Given information —

━━━━━━━━━━━━━━━━━━━━━━━━━━━━━━

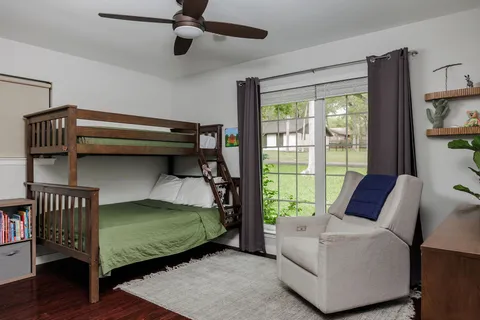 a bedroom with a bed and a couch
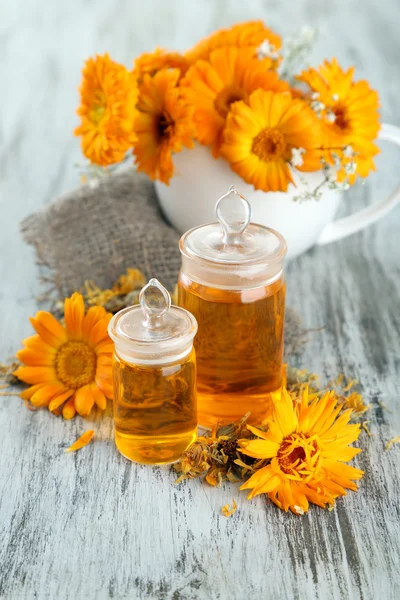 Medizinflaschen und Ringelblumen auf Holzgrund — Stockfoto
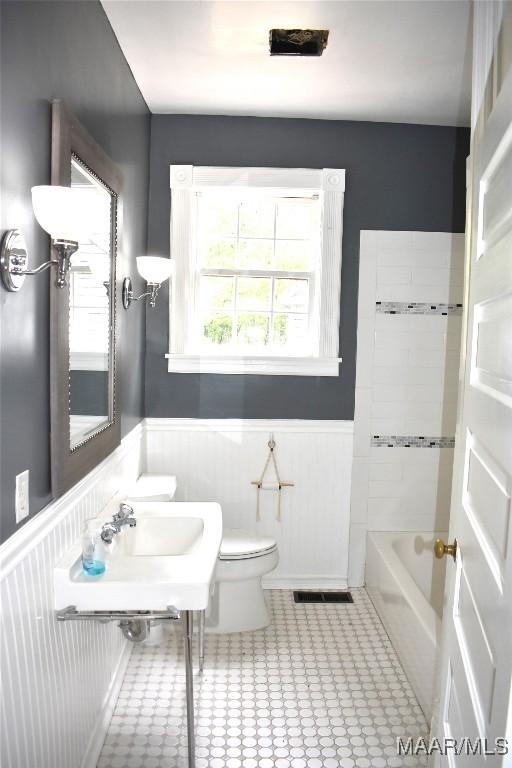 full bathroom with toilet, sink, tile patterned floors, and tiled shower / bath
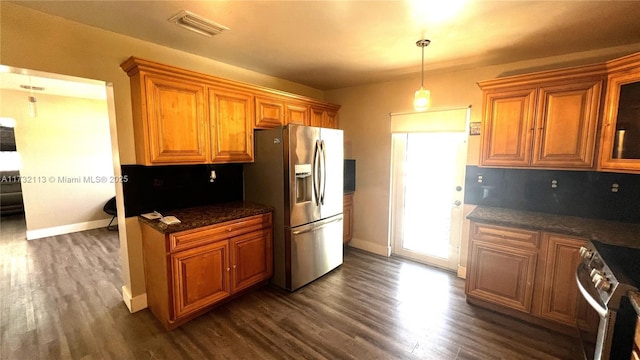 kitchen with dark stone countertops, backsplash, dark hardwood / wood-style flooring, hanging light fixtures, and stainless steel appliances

━━━━━━━━━━━━━━━━━━━━━━━━━━━━━━

Exercise requirements —
Would you retype the material exactly, omitting each picture?

Task result —
 a bedroom with a bed and a couch
 Medizinflaschen und Ringelblumen auf Holzgrund — Stockfoto
 full bathroom with toilet, sink, tile patterned floors, and tiled shower / bath
 kitchen with dark stone countertops, backsplash, dark hardwood / wood-style flooring, hanging light fixtures, and stainless steel appliances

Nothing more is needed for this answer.